Thus, a base particle dispersion of the dispersed toner base
particle is obtained by producing the binder resin-containing toner
base particle and dispersing it in an aqueous medium. The
dispersion is preferably carried out to provide a base particle
solids fraction of from 10 mass % to 40 mass % with reference to
the total amount of the base particle dispersion. The temperature
of the base particle dispersion is also preferably adjusted to at
least 35.degree. C. on a preliminary basis. In addition, the pH of
this base particle dispersion is preferably adjusted to a pH that
inhibits the occurrence of organosilicon compound condensation. The
pH that inhibits the occurrence of organosilicon compound
condensation varies with the particular substance, and as a
consequence within .+-.0.5 centered on the pH at which the reaction
is most inhibited is preferred.
The organosilicon compound used has preferably been subjected to a
hydrolysis treatment. For example, the organosilicon compound may
be hydrolyzed in advance in a separate vessel. The charge
concentration for the hydrolysis, using 100 mass parts for the
amount of the organosilicon compound, is preferably from 40 mass
parts to 500 mass parts of water from which the ion fraction has
been removed, e.g., deionized water or RO water, and is more
preferably from 100 mass parts to 400 mass parts of water. The
hydrolysis conditions are preferably as follows: pH from 1.0 to
7.0, temperature from 15.degree. C. to 80.degree. C., and time of
from 1 minute to 600 minutes.
The hydrolyzed organosilicon compound is added to the base particle
dispersion. The base particle dispersion and the organosilicon
compound hydrolysis solution are stirred and mixed, and holding is
preferably carried out at at least 35.degree. C. for from 3 minutes
to 120 minutes. An organosilicon polymer-containing surface layer
may then be formed on the toner particle surface by adjusting to a
pH suitable for condensation (preferably a pH of at least 6.0 or a
pH of not more than 3.0, and more preferably a pH of at least 8.0)

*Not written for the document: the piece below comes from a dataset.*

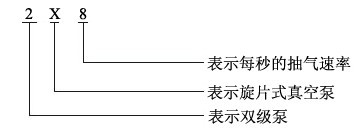 1494125988667949.jpg 2X型号意义.jpg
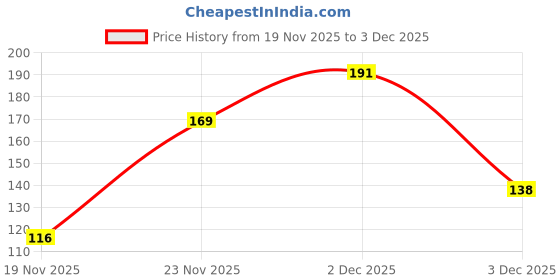 flipkart.com cloud farm Kiwi Plant cloud farm Price History Graph from 19 Nov 2025 to 2 Dec 2025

to bring about condensation of the organosilicon compound all at
once and preferably holding at at least 35.degree. C. for at least
60 minutes.
The following are examples of methods for producing the toner base
particle.
(1) Suspension polymerization method: the toner base particle is
obtained by granulating, in an aqueous medium, a polymerizable
monomer composition comprising polymerizable monomer that can
produce the binder resin, release agent, optionally colorant and so
forth, and polymerizing the polymerizable monomer.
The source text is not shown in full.